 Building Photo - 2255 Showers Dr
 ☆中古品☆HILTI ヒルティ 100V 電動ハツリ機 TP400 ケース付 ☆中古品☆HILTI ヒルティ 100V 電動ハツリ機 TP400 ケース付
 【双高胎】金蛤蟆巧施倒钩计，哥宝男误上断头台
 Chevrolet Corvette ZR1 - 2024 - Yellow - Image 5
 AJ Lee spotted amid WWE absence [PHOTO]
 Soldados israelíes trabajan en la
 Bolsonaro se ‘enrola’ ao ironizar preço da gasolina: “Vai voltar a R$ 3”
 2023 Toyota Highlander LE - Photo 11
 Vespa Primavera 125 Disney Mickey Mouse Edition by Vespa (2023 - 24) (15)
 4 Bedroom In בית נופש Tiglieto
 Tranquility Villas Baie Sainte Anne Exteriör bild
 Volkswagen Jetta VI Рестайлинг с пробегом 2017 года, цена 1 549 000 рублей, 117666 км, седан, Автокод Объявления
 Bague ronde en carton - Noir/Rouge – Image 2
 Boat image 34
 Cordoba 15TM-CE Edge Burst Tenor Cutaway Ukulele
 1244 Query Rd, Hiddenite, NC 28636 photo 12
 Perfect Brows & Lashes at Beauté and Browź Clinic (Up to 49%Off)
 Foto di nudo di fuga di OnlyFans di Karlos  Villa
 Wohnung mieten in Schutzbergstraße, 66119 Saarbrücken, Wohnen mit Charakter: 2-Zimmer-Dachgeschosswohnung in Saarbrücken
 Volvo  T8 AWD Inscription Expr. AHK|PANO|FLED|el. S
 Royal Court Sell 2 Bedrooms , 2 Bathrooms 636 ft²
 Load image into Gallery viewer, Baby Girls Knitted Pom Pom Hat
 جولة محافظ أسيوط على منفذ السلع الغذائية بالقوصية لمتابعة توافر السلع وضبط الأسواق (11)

**Task to carry out:**
Output the data above without altering a line.

**Answer to this problem:**
 Building Photo - 2255 Showers Dr
 ☆中古品☆HILTI ヒルティ 100V 電動ハツリ機 TP400 ケース付 ☆中古品☆HILTI ヒルティ 100V 電動ハツリ機 TP400 ケース付
 【双高胎】金蛤蟆巧施倒钩计，哥宝男误上断头台
 Chevrolet Corvette ZR1 - 2024 - Yellow - Image 5
 AJ Lee spotted amid WWE absence [PHOTO]
 Soldados israelíes trabajan en la
 Bolsonaro se ‘enrola’ ao ironizar preço da gasolina: “Vai voltar a R$ 3”
 2023 Toyota Highlander LE - Photo 11
 Vespa Primavera 125 Disney Mickey Mouse Edition by Vespa (2023 - 24) (15)
 4 Bedroom In בית נופש Tiglieto
 Tranquility Villas Baie Sainte Anne Exteriör bild
 Volkswagen Jetta VI Рестайлинг с пробегом 2017 года, цена 1 549 000 рублей, 117666 км, седан, Автокод Объявления
 Bague ronde en carton - Noir/Rouge – Image 2
 Boat image 34
 Cordoba 15TM-CE Edge Burst Tenor Cutaway Ukulele
 1244 Query Rd, Hiddenite, NC 28636 photo 12
 Perfect Brows & Lashes at Beauté and Browź Clinic (Up to 49%Off)
 Foto di nudo di fuga di OnlyFans di Karlos  Villa
 Wohnung mieten in Schutzbergstraße, 66119 Saarbrücken, Wohnen mit Charakter: 2-Zimmer-Dachgeschosswohnung in Saarbrücken
 Volvo  T8 AWD Inscription Expr. AHK|PANO|FLED|el. S
 Royal Court Sell 2 Bedrooms , 2 Bathrooms 636 ft²
 Load image into Gallery viewer, Baby Girls Knitted Pom Pom Hat
 جولة محافظ أسيوط على منفذ السلع الغذائية بالقوصية لمتابعة توافر السلع وضبط الأسواق (11)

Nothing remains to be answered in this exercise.